While his brother and I had been hanging spell-bound over the surgeon's questions and the patient's answers, he must have stolen silently out of the room.

Herr Grosse rose, and vacated the chair in favor of Mr. Sebright. In the ecstasy of the new hope now confirmed in her, Lucilla seemed to be unconscious of the presence of the English oculist, when he took his colleague's place. His grave face looked more serious than ever, as he too produced a magnifying glass from his pocket, and, gently parting the patient's eyelids, entered on the examination of her blindness, in his turn.

The investigation by Mr. Sebright lasted a much longer time than the investigation by Herr Grosse. He pursued it in perfect silence. When he had done he rose without a word, and left Lucilla as he had found her, rapt in the trance of her own happiness--thinking, thinking, thinking of the time when she should open her eyes in the new morning, and see!

"Well?" said Nugent, impatiently addressing Mr. Sebright. "What do you say?"

"I say nothing yet." With that implied reproof to Nugent, he turned to me. "I understand that Miss Finch was blind--or as nearly blind as could be discovered--at a year old?"

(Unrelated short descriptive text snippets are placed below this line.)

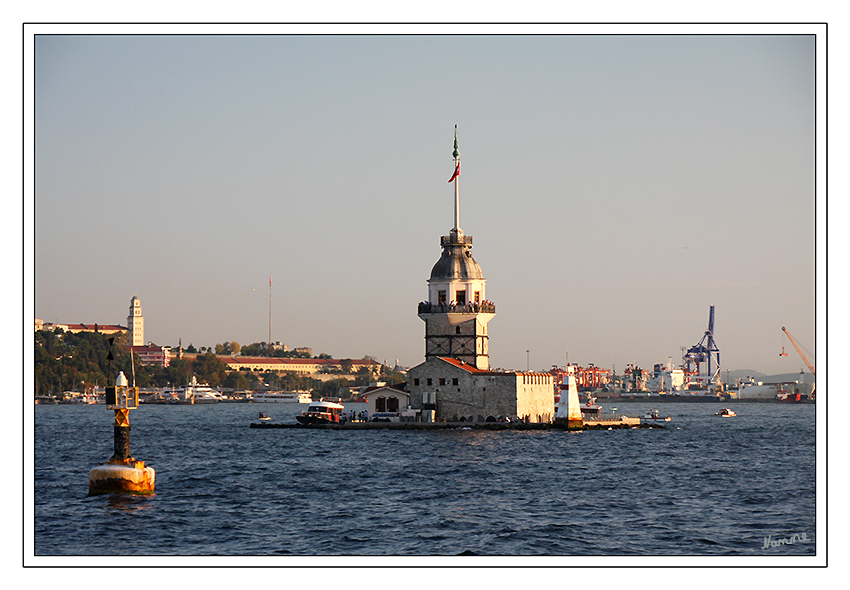 Bosporusfahrt
Der Leanderturm (türkisch Kız kulesi, „Mädchenturm“) ist ein Leuchtturm aus dem 18. Jahrhundert und liegt in Istanbul etwa 180 Meter vor Üsküdar auf einer kleinen Insel im Bosporus. Er gehört zu den Wahrzeichen der Stadt.
Schlüsselwörter: Türkei Istanbul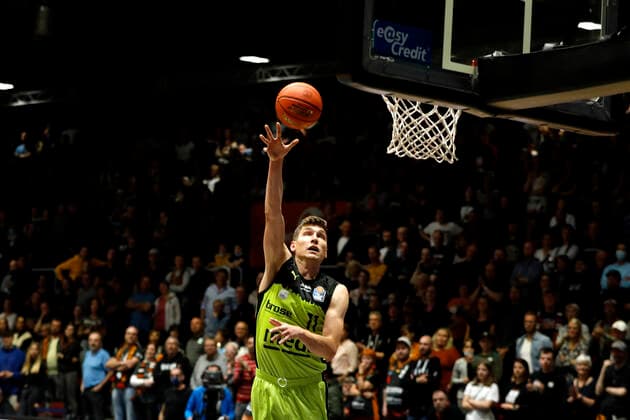 09.10.2021, easyCredit Basketball Bundesliga, BBL, Saison 2021 2022, Herren, Chemnitz Niners - Medi Bayreuth Andreas Seiferth, Medi Bayreuth Chemnitz Messe Chemnitz Sachsen Germany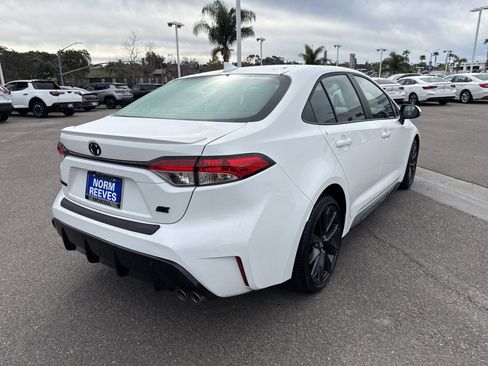 Used 2025 Toyota Corolla SE image 5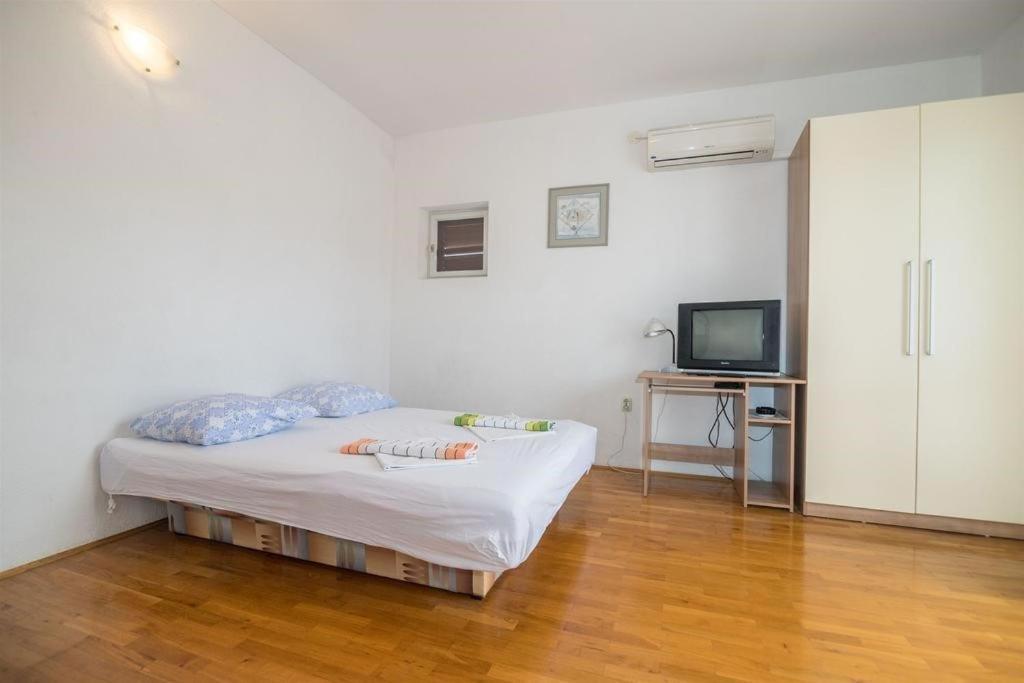 Apartments Nuic 748 Makarska Kültér fotó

"I have always heard so," I replied.

"Is there any person in the house--parent, or relative, or servant--who can speak to the symptoms noticed when she was an infant?"

I rang the bell for Zillah. "Her mother is dead," I said. "And there are reasons which prevent her father from being present to-day. Her old nurse will be able to give you all the information you want."

Zillah appeared. Mr. Sebright put his questions.

"Were you in the house when Miss Finch was born?"

"Yes, sir."

"Was there anything wrong with her eyes at her birth, or soon afterwards?"

"Nothing, sir."

"How did you know?"

"I knew by seeing her take notice, sir. She used to stare at the candles, and clutch at things that were held before her, as other babies do."

"How did you discover it, when she began to get blind?"

"In the same way, sir. There came a time, poor little thing, when her eyes looked glazed-like, and try her as we might, morning or evening, it was all the same--she noticed nothing."

"Did the blindness come on gradually?"

"Yes, sir--bit by bit, as you may say. Slowly worse and worse one week after another. She was a little better than a year old before we clearly made it out that her sight was gone."

"Was her father's sight, or her mother's sight ever affected in any way?"

"Never, sir, that I heard of."

Mr. Sebright turned to Herr Grosse, sitting at the luncheon-table resignedly contemplating the Mayonnaise. "Do you wish to ask the nurse any questions?" he said.

Herr Grosse shrugged his shoulders, and pointed backwards with his thumb at the place in which Lucilla was sitting.

"Her case is as plain to me as twos and twos make fours. Ach Gott! what do I want with the nurse?" He turned again longingly towards the Mayonnaise. "My fine appetites is going! When shall we lonch?"

Mr. Sebright dismissed Zillah with a frigid inclination of the head. His discouraging manner made me begin to feel a little uneasy. I ventured to ask if he had arrived at a conclusion yet. "Permit me to consult with my colleague before I answer you," said the impenetrable man. I roused Lucilla. She again inquired for Oscar. I said I supposed we should find him in the garden--and so took her out. Nugent followed us. I heard Herr Grosse whisper to him piteously, as we passed the luncheon-table, "For the lofe of Heaven, come back soon, and let us lonch!" We left the ill-assorted pair to their consultation in the sitting-room.